Quand elles eurent assez du concert dont on les régalait, les baleines s’éloignèrent, et nous virâmes de bord, le nakoudah prétendant que l’apparition de ces animaux pronostiquait quelque malheur. Long-temps encore nous pûmes les voir bondir sur la lame. — Dieu soit loué ! s’écrièrent les marins ; nous venons de l’échapper belle ! – Est-ce donc si dangereux ? demandâmes-nous. — Si c’est dangereux ! répondit le patron ; je le crois bien ! mais rien qu’en se frottant contre la saïa, le bouthan[1] nous eût chavirés !

Vers les trois heures de l’après-midi, nous vîmes enfin la cime d’une montagne apparaître au-dessus des flots. Pour nous, si éloignée que fût la terre, sa vue nous rassurait : c’était un ami qui avait l’air de venir à nous. Peu à peu, la montagne grandit ; en une demi-heure, elle devint distincte, et bientôt se montrèrent les dunes jaunes qui entouraient sa base. Nous faisions route sur la pointe sud de l’île de Camaran, et deux heures plus tard nous passions à côté d’îlots placés un peu en avant du canal étroit et toujours calme qui sépare la grande île de la côte. À cette heure, les bancs de sable étaient littéralement couverts d’oiseaux, et de tous les points du ciel arrivaient encore des nuées de mouettes. Des milliers d’ailes battaient l’air, ou s’ouvraient sans se refermer, comme pour accaparer une place plus large sur la grève. Nous pouvions entendre les bruyantes clameurs qui partaient de chacune de ces Babels aériennes : les goélands se lamentaient, ou aboyaient comme des chiens enroués ; les hérons, les butors, les aigrettes, jetaient leur cri étrange ; les pélicans faisaient entendre une voix plus grave ; les courlis sifflaient une longue plainte, et le bruit du vent et des vagues servait de base harmonique à cette tempête de notes aigres et tristes.

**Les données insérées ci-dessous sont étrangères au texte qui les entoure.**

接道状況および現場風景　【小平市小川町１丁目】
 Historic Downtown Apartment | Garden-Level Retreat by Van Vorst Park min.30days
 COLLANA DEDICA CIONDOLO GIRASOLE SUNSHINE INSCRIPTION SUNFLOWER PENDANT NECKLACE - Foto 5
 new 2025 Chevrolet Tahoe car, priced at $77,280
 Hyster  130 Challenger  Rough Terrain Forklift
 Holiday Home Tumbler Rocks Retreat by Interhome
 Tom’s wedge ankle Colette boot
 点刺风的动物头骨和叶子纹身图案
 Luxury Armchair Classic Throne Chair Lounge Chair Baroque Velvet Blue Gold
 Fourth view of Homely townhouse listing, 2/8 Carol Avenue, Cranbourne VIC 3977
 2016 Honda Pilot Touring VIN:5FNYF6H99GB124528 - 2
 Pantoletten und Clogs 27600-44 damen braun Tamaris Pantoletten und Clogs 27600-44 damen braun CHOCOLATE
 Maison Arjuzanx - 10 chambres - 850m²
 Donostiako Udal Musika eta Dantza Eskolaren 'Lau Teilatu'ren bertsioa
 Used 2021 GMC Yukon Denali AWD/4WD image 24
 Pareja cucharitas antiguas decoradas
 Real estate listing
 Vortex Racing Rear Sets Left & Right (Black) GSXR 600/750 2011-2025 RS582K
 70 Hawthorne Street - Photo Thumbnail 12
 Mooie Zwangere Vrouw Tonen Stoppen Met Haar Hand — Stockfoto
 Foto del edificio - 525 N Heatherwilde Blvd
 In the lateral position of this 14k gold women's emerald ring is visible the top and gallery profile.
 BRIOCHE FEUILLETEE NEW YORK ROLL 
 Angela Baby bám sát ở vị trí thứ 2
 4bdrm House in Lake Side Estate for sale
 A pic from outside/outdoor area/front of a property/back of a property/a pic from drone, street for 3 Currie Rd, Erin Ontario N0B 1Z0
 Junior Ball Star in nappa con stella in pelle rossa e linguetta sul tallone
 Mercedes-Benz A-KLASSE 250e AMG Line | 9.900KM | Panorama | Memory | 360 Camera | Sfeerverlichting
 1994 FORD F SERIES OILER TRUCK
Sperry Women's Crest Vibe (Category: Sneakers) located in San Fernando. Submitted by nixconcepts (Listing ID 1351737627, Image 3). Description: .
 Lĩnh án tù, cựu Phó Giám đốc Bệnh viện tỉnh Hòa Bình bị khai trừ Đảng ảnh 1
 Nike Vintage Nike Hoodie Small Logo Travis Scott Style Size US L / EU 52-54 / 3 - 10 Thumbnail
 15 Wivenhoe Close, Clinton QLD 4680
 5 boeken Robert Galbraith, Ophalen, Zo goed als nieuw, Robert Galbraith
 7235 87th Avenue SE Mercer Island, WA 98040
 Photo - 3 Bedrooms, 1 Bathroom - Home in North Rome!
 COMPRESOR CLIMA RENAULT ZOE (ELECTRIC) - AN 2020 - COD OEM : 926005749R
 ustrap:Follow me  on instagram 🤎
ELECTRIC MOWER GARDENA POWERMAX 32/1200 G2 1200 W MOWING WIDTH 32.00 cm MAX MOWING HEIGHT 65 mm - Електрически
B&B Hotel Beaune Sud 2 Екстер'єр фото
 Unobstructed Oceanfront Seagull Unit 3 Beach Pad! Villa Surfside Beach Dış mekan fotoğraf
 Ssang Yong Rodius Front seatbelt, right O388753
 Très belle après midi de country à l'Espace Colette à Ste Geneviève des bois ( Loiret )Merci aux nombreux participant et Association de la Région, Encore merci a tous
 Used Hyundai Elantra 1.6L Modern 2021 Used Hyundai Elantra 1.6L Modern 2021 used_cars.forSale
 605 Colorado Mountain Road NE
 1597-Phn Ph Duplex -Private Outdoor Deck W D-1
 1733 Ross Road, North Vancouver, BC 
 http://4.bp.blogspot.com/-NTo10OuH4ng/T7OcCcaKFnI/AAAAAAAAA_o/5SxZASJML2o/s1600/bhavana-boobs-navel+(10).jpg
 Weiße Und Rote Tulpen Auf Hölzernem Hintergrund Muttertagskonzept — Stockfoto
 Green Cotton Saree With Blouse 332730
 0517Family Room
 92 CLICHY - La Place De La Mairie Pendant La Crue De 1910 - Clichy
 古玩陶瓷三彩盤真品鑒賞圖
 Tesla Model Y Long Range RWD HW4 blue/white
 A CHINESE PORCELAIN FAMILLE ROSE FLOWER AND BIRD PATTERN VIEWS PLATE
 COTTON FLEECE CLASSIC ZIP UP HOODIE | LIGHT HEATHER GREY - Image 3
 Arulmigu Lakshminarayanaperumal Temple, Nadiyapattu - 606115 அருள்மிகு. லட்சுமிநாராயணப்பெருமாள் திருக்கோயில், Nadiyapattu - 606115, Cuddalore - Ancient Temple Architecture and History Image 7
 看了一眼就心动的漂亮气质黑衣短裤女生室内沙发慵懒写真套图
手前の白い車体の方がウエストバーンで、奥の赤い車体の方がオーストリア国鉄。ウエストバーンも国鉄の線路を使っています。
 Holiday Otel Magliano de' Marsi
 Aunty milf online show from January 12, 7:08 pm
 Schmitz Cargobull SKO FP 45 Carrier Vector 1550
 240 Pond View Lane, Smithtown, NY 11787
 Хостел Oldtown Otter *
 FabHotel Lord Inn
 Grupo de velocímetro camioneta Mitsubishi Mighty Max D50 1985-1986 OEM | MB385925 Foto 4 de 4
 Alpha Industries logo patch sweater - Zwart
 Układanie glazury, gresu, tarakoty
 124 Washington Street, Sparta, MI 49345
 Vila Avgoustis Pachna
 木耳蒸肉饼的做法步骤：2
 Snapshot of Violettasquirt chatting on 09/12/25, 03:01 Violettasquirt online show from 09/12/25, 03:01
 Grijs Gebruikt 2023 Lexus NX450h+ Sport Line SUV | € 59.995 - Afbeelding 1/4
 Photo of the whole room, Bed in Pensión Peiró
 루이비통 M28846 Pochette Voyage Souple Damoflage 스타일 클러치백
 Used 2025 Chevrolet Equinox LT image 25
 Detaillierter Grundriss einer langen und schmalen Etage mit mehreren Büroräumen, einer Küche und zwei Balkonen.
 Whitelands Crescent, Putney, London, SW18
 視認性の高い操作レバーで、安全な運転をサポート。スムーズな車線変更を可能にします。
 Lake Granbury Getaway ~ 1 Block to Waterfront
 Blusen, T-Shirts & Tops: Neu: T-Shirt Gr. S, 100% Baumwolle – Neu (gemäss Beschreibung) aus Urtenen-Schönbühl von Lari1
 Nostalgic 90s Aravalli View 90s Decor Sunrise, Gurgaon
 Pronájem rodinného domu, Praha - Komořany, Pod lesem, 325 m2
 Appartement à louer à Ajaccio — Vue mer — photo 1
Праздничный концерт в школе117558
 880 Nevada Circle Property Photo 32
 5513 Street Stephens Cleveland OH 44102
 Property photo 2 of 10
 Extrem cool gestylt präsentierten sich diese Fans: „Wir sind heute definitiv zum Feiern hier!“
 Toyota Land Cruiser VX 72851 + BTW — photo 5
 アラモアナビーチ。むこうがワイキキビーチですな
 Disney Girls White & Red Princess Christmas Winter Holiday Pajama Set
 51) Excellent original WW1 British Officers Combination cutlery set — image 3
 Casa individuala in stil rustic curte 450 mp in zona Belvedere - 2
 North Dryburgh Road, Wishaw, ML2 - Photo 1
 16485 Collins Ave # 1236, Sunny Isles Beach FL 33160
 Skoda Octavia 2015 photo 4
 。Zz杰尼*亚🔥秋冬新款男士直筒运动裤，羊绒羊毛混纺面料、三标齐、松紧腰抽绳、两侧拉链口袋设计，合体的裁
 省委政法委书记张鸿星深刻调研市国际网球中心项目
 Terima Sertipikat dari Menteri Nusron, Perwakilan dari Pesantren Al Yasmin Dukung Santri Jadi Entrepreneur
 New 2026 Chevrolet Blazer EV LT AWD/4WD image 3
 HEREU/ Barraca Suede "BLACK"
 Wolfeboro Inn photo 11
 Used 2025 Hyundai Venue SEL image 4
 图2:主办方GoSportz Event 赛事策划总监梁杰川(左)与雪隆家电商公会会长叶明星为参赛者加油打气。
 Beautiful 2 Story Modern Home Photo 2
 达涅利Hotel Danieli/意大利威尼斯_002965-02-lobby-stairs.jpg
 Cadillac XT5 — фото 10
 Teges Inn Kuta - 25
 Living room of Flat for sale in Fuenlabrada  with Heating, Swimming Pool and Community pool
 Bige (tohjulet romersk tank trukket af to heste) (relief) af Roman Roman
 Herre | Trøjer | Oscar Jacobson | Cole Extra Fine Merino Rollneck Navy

Le dernier rayon du soleil vint dorer les falaises blanches de la côte, et joua sur les élégantes cimes de quelques dattiers et d’un bouquet de doums[2], qui avaient poussé dans le sable ; puis, cette lumière pourpre, tombant sur les mille facettes des flots, sema d’étincelles rouges leur azur sombre, ou se décomposa à travers les molécules aqueuses arrachées par le vent à la crête de chaque lame : alors on put voir des myriades d’arcs-en-ciel éphémères dansant à la surface de la mer. Une heure plus tard, les dernières bouffées de la tempête qui allait s’assoupir nous poussaient dans le port de Camaran, où nous mouillâmes. La petite rade était tranquille ; quelques sambouks dormaient

  1. Nom arabe de la baleine, qui a évidemment la même racine que léviathan.
  2. Doum, cricifera thebaïca (espèce de palmier).